Under these conditions, the results remain astonishing. At 0.1c, 10 million years is sufficient to traverse about 1 million light-years. This means that within a sphere of 1 million light-years radius from its home planet, all potentially habitable planets should theoretically have been explored, colonized, or at least marked by clear traces. For comparison, the entire Milky Way has a diameter of only about 100,000 light-years. In other words, such a ‘not too early, not too fast’ civilization would have long had the capability to cover the entire galaxy, even spilling over into nearby galactic clusters.
This calculation does not require assumptions of faster-than-light travel, a unified galactic empire, or that every star is inhabited by aliens. As long as a civilization crosses a certain technological threshold and possesses the basic motivation for survival, its expansion is almost a matter of time.

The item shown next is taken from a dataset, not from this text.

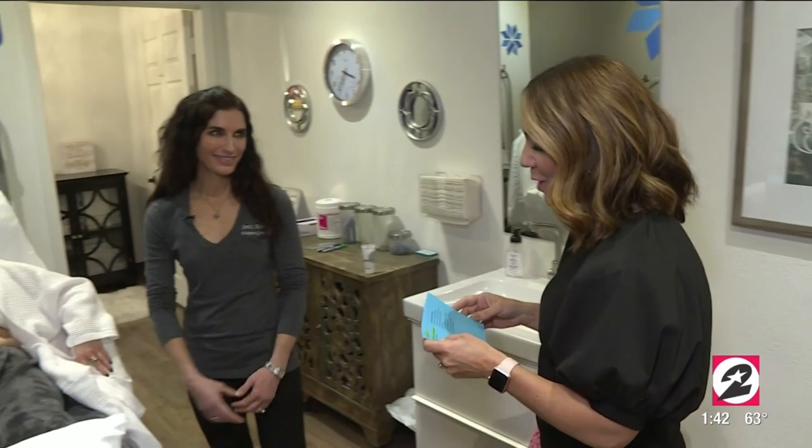I'm here at Amici Aesthetics in Friendswood. Typically you see them in studio at Houston Life, but today I am taking you inside their beautiful offices and walking into the ever-popular CoolSculpting room. Dr. Margaret Goebel, thanks so much for welcoming me in today. CoolSculpting is really the word that everybody's talking about.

This aligns perfectly with human historical experience: from migrations out of Africa to the expansion of agricultural societies, and from modern transcontinental colonization to globalization, technological civilizations have never been static.

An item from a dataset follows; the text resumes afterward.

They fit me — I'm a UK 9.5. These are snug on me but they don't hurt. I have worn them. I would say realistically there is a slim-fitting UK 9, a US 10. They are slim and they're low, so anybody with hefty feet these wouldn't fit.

Thus, the true unsettling aspect of the Fermi Paradox is that even if such a civilization has existed only once, we should have already seen it. Anomalies in infrared radiation, traces of stellar energy use, artificial astronomical structures, or even just the debris of probes scattered across interstellar space would suffice to reveal its presence. Yet what we observe is a clean and indifferent universe.
This reality pushes the question directly towards the ‘Great Filter’ theory. If civilizations tend to expand, yet the universe remains so silent, the most reasonable explanation is not that civilizations do not arise, but that most cannot survive long enough. Perhaps they went extinct before mastering interstellar capabilities; perhaps internal risks erupted after rapid expansion; or perhaps the average lifespan of civilizations is simply too short to leave any observable traces.
Bringing this reasoning back to humanity makes the implications sharp. Nuclear weapons, biotechnology, artificial intelligence, and climate disorder are all byproducts of civilizations gaining immense power in a short time. They are not external threats but rather the internal injuries of civilization growth. If the Great Filter is indeed ‘failing to learn self-restraint before expansion,’ then the silence of the universe is likely not a coincidence but a statistically inevitable outcome.
Thus, the Fermi Paradox is not merely an intriguing question of astronomy but a civilization-level arithmetic problem. Given time, civilizations will expand; if we see no traces of such expansion, we must question whether civilizations can endure the test of their own power. The issue has never been just ‘where are the aliens?’ but rather ‘why has no civilization succeeded in reaching a point where we can observe them?’
And this question quietly points towards our future.